* What to do
From the data that follows, report the number of lines including "Elegant", and only that number.

:: The data

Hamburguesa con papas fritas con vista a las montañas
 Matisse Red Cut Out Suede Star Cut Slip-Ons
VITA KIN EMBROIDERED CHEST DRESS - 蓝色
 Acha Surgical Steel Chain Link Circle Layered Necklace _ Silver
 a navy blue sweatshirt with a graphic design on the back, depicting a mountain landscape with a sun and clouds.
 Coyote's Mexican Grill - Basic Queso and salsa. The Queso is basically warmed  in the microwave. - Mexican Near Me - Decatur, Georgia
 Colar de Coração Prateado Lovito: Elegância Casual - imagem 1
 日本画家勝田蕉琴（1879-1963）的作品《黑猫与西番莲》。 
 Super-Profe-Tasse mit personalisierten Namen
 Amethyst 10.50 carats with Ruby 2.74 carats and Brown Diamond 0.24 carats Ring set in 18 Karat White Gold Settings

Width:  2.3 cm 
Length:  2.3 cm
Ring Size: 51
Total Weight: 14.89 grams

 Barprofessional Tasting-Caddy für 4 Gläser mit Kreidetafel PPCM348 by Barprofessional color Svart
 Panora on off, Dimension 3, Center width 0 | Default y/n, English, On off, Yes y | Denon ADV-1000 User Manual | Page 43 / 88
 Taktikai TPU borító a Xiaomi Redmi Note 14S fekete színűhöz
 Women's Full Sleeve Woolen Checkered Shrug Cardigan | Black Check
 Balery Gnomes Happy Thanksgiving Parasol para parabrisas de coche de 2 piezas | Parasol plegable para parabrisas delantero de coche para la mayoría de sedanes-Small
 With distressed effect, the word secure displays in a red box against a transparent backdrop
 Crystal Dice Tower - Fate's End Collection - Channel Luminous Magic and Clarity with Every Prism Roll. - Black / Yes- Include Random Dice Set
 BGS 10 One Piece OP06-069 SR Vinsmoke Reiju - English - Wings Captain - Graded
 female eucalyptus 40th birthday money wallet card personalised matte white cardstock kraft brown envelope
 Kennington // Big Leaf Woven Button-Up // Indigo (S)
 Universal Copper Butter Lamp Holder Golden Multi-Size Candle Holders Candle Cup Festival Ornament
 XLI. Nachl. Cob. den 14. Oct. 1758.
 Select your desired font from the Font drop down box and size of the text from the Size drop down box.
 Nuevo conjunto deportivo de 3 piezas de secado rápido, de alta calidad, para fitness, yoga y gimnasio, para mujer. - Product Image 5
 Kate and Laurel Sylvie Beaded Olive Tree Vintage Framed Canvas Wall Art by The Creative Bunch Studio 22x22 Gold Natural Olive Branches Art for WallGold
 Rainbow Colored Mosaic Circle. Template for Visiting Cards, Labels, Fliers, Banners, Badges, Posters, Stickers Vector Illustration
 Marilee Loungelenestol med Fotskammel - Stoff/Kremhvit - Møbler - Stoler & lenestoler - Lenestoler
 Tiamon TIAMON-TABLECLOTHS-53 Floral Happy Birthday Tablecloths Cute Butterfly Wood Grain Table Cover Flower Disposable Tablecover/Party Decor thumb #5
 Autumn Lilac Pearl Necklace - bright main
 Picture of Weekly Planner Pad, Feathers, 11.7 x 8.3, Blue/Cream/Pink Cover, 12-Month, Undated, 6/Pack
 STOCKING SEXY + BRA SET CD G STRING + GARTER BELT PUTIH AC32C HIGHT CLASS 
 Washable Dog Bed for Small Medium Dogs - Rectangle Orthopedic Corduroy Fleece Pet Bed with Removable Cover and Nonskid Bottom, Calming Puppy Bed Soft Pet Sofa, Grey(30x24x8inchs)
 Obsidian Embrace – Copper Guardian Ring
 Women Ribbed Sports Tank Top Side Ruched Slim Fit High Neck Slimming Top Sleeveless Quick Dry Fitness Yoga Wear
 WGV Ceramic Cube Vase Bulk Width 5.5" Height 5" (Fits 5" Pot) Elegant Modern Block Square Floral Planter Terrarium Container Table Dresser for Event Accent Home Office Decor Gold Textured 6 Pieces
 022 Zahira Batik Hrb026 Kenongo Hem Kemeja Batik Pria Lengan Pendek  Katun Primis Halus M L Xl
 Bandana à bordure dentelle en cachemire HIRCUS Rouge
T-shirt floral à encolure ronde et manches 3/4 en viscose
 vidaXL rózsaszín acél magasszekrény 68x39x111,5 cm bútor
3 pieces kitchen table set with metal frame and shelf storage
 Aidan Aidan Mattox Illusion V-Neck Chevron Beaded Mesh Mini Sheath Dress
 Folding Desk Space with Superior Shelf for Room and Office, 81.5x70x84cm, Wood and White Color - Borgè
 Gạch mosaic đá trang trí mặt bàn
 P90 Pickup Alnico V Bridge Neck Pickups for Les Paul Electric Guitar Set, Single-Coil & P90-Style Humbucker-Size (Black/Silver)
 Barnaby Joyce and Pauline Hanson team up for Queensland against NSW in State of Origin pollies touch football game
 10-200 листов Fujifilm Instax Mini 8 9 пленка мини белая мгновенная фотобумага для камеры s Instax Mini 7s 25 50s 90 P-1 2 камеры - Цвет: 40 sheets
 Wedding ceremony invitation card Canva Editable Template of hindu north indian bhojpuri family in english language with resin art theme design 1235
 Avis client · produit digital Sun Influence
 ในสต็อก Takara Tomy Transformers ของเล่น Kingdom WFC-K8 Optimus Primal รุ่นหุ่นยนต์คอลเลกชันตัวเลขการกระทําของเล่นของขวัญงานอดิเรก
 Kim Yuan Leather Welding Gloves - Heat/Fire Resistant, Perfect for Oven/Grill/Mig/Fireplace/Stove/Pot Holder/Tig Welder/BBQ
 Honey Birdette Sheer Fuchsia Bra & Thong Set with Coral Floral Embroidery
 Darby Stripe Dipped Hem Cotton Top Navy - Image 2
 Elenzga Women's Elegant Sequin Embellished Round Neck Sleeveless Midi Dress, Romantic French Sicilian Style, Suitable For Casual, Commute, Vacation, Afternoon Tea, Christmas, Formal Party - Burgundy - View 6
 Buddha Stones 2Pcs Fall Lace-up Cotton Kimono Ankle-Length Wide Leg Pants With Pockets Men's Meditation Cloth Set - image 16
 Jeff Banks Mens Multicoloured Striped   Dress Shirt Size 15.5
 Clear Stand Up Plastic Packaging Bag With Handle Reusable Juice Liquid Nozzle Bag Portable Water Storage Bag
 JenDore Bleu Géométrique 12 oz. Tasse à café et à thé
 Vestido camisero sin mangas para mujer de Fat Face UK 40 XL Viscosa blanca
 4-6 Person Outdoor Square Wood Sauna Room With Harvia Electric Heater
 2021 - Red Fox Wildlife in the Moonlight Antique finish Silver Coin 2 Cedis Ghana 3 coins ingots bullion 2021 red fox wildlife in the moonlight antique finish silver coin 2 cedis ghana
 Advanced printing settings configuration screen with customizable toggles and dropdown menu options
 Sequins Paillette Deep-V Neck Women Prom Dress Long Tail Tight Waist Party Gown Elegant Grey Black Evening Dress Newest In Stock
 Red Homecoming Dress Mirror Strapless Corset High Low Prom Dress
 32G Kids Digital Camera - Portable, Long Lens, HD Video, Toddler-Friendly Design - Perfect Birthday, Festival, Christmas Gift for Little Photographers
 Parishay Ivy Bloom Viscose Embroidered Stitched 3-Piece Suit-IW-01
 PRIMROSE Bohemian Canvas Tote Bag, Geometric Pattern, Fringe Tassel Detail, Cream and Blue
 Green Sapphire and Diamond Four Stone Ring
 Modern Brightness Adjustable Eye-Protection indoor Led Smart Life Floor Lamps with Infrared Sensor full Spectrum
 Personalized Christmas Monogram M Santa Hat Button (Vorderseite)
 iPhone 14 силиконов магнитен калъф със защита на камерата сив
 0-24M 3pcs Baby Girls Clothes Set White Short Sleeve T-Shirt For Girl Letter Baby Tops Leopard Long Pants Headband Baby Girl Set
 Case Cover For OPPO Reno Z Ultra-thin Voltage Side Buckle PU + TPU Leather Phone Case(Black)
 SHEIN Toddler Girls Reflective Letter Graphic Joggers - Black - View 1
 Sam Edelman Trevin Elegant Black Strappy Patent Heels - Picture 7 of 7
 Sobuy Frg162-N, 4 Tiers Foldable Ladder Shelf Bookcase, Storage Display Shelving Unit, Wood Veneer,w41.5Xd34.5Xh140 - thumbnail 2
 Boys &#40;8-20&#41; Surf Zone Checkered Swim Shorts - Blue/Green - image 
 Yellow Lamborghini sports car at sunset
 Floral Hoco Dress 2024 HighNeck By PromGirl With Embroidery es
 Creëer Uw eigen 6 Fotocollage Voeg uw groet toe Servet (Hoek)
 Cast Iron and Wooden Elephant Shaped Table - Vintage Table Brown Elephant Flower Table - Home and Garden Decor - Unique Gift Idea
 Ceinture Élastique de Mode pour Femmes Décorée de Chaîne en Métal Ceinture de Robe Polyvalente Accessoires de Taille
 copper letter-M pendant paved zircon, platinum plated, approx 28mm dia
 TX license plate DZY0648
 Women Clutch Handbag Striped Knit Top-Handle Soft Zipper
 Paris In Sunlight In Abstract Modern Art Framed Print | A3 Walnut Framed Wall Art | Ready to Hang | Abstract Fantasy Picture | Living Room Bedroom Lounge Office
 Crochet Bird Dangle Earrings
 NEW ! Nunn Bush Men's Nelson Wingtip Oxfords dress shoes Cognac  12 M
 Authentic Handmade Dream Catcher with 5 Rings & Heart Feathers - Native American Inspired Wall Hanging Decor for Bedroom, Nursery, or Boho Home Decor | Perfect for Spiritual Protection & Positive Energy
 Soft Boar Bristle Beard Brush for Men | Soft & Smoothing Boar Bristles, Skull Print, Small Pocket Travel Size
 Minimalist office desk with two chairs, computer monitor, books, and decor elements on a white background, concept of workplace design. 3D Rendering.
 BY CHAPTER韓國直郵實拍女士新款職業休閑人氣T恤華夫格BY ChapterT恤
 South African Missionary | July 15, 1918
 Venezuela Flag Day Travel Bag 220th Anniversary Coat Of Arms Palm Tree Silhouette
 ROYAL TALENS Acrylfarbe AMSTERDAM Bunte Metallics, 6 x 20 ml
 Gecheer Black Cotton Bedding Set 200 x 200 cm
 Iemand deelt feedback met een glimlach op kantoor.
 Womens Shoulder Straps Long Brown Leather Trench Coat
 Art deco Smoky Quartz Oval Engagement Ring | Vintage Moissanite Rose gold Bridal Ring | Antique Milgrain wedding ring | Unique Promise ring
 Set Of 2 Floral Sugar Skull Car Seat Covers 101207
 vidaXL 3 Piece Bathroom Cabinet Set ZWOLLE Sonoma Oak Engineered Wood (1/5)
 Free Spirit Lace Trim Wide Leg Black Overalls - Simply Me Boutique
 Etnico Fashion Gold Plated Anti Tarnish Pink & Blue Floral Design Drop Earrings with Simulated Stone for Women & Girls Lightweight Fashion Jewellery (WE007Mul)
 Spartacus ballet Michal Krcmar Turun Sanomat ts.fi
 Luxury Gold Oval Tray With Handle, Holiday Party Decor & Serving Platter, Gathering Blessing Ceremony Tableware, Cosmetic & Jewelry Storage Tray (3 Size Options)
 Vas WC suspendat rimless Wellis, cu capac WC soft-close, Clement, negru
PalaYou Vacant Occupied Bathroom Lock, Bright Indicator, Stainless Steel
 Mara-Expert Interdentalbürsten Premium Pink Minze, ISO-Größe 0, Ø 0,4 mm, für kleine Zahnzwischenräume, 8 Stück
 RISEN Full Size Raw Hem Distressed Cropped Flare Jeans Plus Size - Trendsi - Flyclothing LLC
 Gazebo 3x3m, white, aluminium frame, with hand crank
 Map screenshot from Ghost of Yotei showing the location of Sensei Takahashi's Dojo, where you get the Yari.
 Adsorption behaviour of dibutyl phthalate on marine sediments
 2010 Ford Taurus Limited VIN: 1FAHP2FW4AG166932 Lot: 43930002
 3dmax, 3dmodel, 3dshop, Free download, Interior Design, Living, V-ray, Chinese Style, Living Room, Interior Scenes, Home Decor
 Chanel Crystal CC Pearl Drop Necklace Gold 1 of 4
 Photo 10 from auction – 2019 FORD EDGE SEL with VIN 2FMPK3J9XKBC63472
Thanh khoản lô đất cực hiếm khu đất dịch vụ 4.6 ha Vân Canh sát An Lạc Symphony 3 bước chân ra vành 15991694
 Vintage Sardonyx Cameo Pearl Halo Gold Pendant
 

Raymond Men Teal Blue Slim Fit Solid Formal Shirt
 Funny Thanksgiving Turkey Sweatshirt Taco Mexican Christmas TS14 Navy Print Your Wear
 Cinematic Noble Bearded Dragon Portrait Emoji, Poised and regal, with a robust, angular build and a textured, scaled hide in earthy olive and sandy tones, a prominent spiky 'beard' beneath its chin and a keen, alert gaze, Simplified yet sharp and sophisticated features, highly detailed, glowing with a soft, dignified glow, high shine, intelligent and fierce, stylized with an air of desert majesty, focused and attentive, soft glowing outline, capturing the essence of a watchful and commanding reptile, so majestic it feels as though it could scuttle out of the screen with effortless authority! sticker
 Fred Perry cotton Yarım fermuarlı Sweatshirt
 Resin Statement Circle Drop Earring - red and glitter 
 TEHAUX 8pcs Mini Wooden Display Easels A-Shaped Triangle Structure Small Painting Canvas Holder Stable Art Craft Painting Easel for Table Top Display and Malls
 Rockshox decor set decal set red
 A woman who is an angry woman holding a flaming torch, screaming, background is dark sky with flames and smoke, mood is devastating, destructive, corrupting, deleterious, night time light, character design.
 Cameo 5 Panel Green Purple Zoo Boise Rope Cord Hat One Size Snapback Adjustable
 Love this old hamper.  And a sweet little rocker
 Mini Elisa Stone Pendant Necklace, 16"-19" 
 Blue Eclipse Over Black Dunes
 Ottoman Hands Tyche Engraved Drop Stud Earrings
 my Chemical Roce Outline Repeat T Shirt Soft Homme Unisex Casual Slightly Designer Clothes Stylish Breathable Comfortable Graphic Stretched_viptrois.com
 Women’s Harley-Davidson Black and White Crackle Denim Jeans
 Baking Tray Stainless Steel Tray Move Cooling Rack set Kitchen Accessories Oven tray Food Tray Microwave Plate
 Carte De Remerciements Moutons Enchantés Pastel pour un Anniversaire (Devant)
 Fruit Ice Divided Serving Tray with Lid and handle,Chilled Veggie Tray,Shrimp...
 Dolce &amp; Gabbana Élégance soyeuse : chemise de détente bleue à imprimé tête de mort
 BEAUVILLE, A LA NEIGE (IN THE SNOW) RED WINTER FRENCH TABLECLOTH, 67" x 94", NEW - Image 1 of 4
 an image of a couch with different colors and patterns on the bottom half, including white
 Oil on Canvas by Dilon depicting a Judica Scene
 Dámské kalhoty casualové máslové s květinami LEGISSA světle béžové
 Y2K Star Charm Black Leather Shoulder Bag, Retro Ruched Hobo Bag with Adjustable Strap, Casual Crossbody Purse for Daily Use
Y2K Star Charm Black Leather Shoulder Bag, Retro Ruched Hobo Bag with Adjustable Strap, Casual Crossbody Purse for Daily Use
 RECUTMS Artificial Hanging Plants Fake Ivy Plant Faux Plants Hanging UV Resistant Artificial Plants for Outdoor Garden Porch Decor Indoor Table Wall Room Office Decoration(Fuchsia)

::::

* Answer for this exercise
4